Satoshi Shirai, Kazuhide Yamamoto & Kyonghee Paik, ICSP-2001, August 22-24, 2001

Overlapping Constraints of Two Step Selection
to Generate a Transfer Dictionary

Satoshi Shirai, Kazuhide Yamamoto and Kyonghee Paik

ATR Spoken Language Translation Research Laboratories
2-2-2 Hikaridai, Seika-cho, Soraku-gun, Kyoto, 619-0288, JAPAN
E-mail: {shirai,yamamoto,kpaik}@slt.atr.co.jp

Abstract

Any machine translation system requires a transfer dictionary between the source and target languages. Typically, since the construction of such a dictionary is done by hand, a lot of time is taken and the cost is enormous. Considering this, we attempted the construction of a bilingual dictionary through the re-generation of already-existing language resources. Aiming at the generation of a Korean-Japanese dictionary, we extracted candidates of Korean and Japanese equivalent pairs by a two-step process of searching through a Korean-English dictionary first and then searching through an English-Japanese dictionary. We also attempted the narrowing down of Korean-Japanese equivalent pairs by the overlapping of obtained Japanese translations. According to a trial experiment using 100 Korean words randomly taken, 61 correct Japanese translations were obtained. Among the correct translations, we took 25 translations for which a search of the English-Japanese dictionary successfully produced two or more translations for the English words obtained in the search results of the Korean-English dictionary. Of the 25 translations, 21 (84%) could be automatically narrowed down by taking the overlapped words from the Japanese translation sets for the individual English words.

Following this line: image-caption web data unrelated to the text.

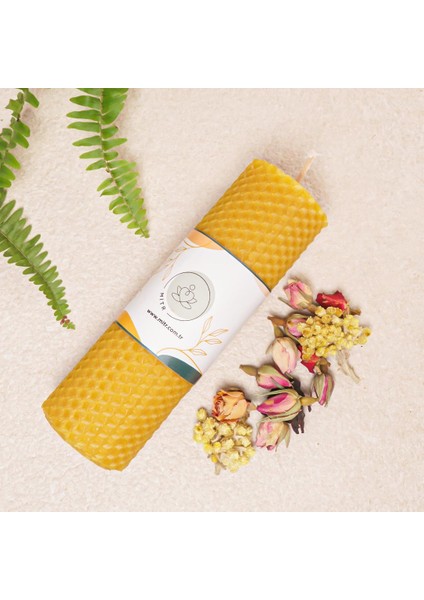 15 cm Organik Sarma Balmumu Mum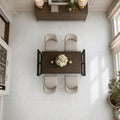 Lusso Carrara Marble Tile 24x24 Honed — Dining Room floor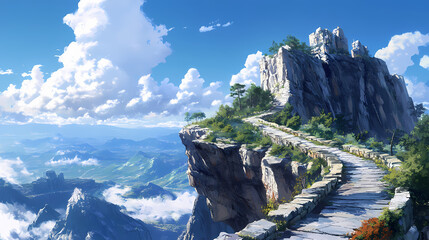 Wall Mural - panorama of the mountains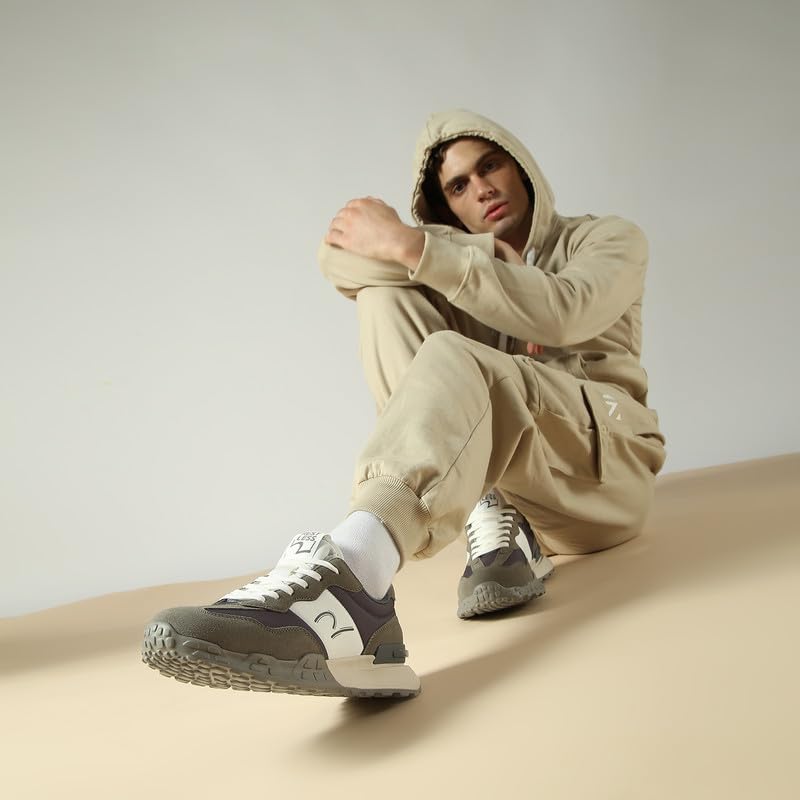 Image of Spykar Men Lace Up Sneaker Shoes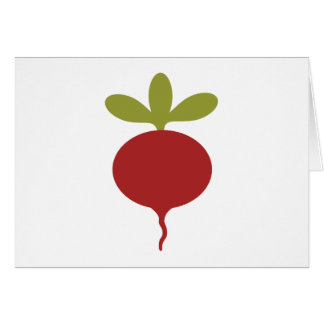 Cartão Rabanete
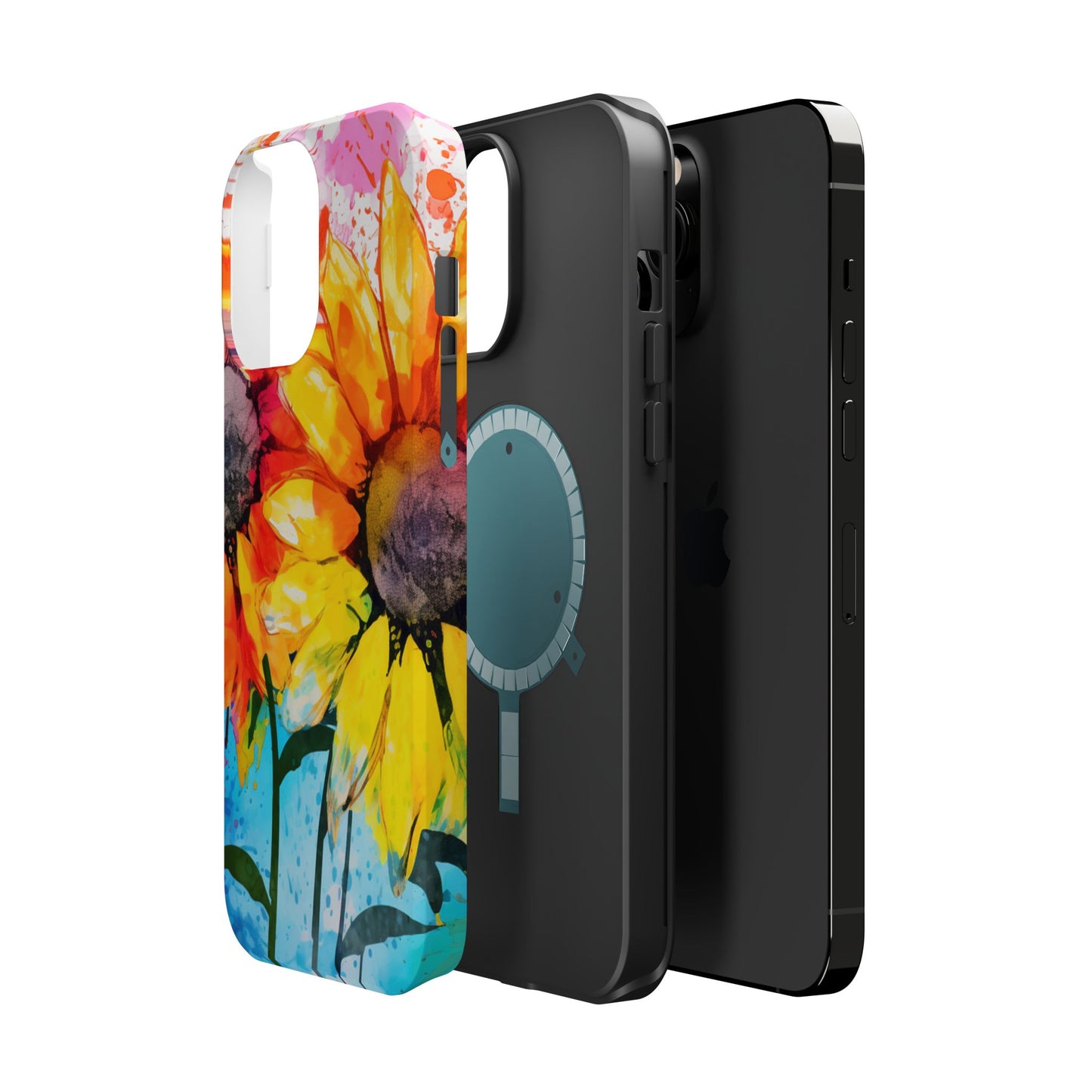 Bold Watercolor Sunflowers - MagSafe iPhone Series Case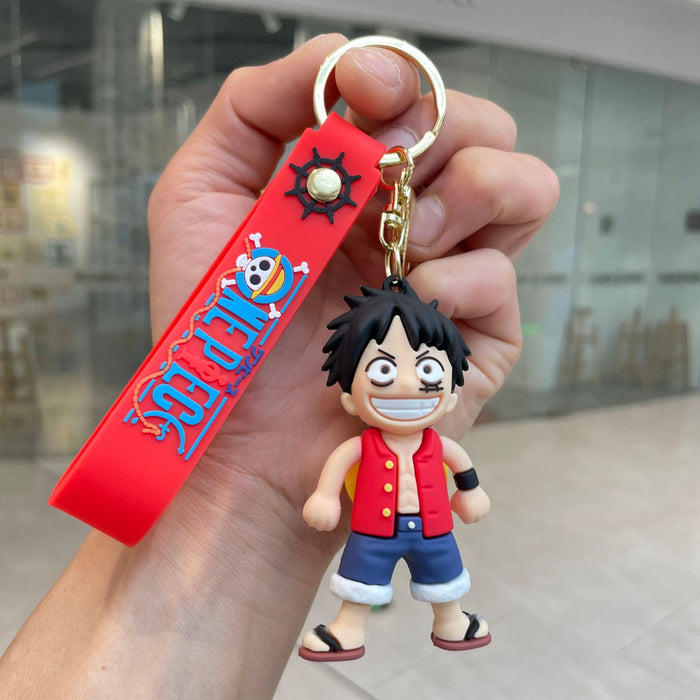 Wholesale Keychain anime 3D doll backpack pendant car keychain small gift wholesale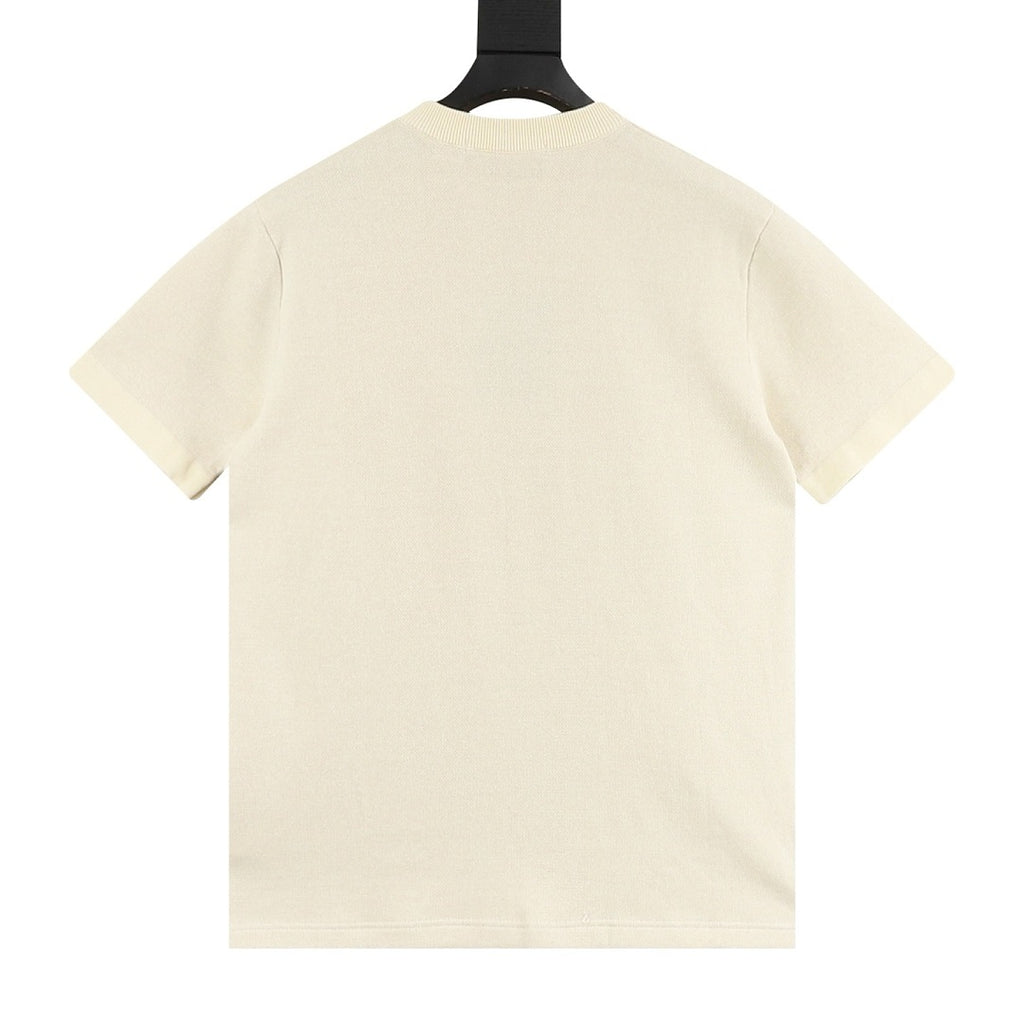 Louis Vuitton Monogram Clover Jacquard Knit Short-Sleeve Top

With the above two-step dictionary extraction, moreover, nine cases out of ten were correct when only one Japanese translation was obtained. These results show the possibility that Korean-Japanese translation pairs can be generated at an expected correctness rate of 44 out of 100 words when using the already proposed method that combines a Korean-English dictionary and a Japanese-English dictionary.

[ In Proceedings of ICSP-2001, pp.731-736 (August, 2001). ]

INDEX

	1 Introduction
	2 Conventional Method and Problems
	3 Improved Method
	4 Trial Experiment
	5 Discussions
	6 Conclusion

	References

1 Introduction

In the development of a machine translation system, it is necessary to create a bilingual dictionary comprising pairs of the source language (SL) and the target language (TL). However, this requires large costs in terms of labor and time. In particular, when one of the languages is not familiar at all, the following two realistic problems are unavoidable.

(1): It is difficult to secure development personnel familiar with both languages.
(2): There may be no available resources such as off-the-shelf bilingual dictionaries.

Therefore, it is necessary for multi-language translation to discuss achievability under such conditions. In this paper, our focus is on the latter problem.

Even if a bilingual dictionary does not exist between SL and TL, the possibility is high that there is a bilingual dictionary of SL and English and that of TL and English. In other words, the generation of a bilingual dictionary with English playing the role as an intermediary is a highly possible alternative.¹ By the effective utilization of existent language resources, we can expect the establishment of methods able to create bilingual dictionaries involving a number of translation pairs.

Tanaka et al. proposed a method to create a bilingual dictionary by a third language[7,8]. In their papers, however, they only went so far as to state the following effect: useful for reconsidering and compensating for the vocabulary of existing dictionaries. Bond et al. improved the method of Tanaka et al. by introducing semantic classes and two third languages, and improved the accuracy of the resulting dictionary[2]. This attempt was valid but depended on the existence of special linguistic resources. On the other hand, GETA CLIPS constructed a multi-language dictionary by combining a number of English translation dictionaries[1,4]. This attempt presupposed work support in dictionary creation by humans.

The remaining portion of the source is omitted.